The film also features Heungseon Daewongun, also known as Yi Ha-eung (1820-98), the great-uncle of young King Heonjong. The role is played by actor Ji Sung, who works with Jae-sang to interfere with the ever-expanding power of the Kim family. In the film, Yi is portrayed as an outcast who was criticized for his contemptible behavior despite his royal background. However, experts say there is no historical evidence to back that up.
What is true about Yi in the film is that he moved his father Namyeongun’s grave to a hill beneath Mount Gaya in Yesan County, South Chungcheong, after hearing from a feng shui master named Jeong Man-in, who also appears in the film, that the site is a propitious place where two rulers will emerge.
Meanwhile, powerful Kim Jwa-geun’s greedy and ambitious son Byung-gi in the film kills his father after hearing from feng shui master Jeong of the propitious site on Mount Gaya. He kills his father and attempts to bury him there so that he himself can become king. This, of course, is fiction, and left many viewers complaining that the director’s search for drama ignored the significance of filial piety in Confucian society.

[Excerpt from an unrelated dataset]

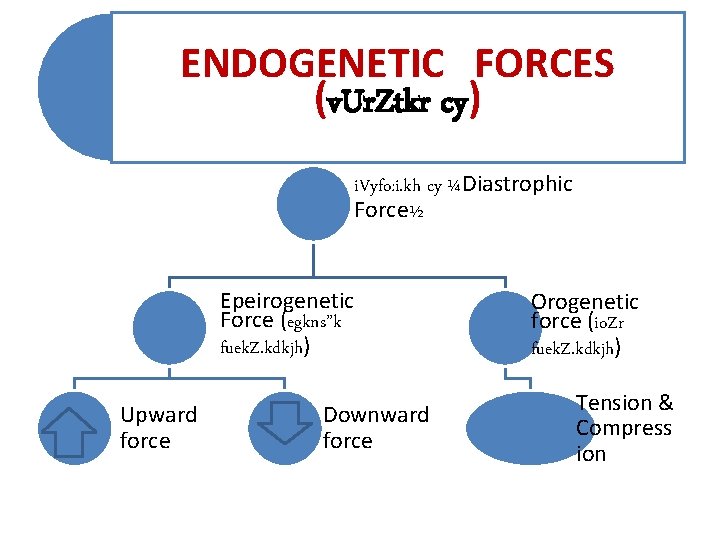 ENDOGENETIC FORCES (v. Ur. Ztkr cy) i. Vyfo: i. kh cy ¼Diastrophic Force½ Epeirogenetic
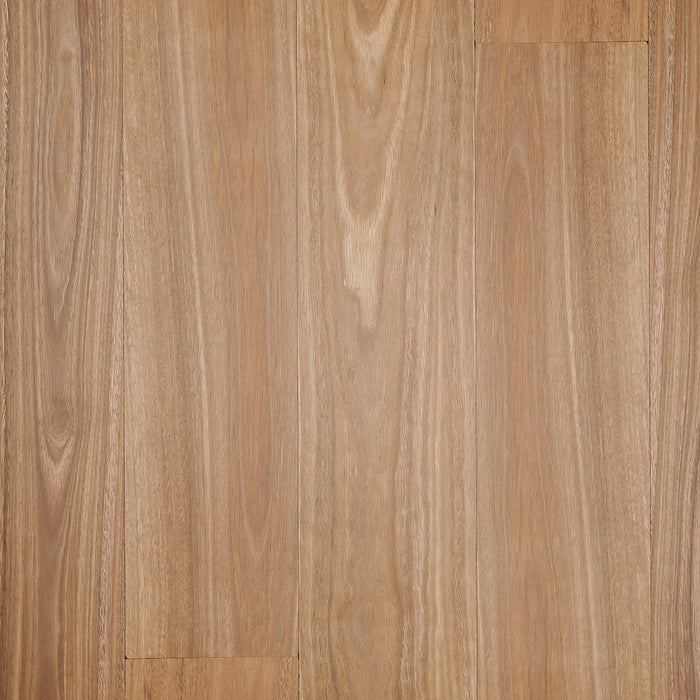 Solid Spotted Gum Timber Flooring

At the end of the film, Korea is under Japanese colonial rule, and Jae-sang appears as an old feng shui master helping a group of young independence activists who visit him for advice. They ask him to find them a spot to establish a military school to fight back against colonial rule. Jae-sang picks a spot and gives it a name, “Shinheung Military Academy.” The academy really did exist and did train Korean independence fighters, but there is no evidence to suggest that the spot was chosen using feng shui.